[[ Material for the task, beginning ]]

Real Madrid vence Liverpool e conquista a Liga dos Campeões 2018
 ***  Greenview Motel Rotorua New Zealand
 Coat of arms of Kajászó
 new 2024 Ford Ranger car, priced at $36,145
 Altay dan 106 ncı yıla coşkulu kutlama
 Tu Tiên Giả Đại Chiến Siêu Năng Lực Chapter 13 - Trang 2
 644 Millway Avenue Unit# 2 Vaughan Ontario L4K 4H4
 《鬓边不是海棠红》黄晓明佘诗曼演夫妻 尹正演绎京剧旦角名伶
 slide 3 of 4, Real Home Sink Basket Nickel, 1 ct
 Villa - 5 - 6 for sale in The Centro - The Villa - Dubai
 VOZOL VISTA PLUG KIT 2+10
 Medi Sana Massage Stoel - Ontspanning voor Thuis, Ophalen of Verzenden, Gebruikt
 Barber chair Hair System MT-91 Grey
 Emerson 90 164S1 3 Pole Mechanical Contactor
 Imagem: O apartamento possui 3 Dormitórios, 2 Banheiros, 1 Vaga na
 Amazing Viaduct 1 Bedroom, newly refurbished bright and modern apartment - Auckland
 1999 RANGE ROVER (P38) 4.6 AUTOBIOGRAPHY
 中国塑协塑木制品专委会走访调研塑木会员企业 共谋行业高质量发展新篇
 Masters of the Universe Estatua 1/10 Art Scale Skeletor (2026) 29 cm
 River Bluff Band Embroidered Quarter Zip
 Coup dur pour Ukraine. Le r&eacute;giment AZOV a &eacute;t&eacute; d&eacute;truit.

[[ Material for the task, end ]]

[Aim of the task]:
Take each line from the preceding material that contains "Real" and copy it.

[Completed exercise]:
Real Madrid vence Liverpool e conquista a Liga dos Campeões 2018
 slide 3 of 4, Real Home Sink Basket Nickel, 1 ct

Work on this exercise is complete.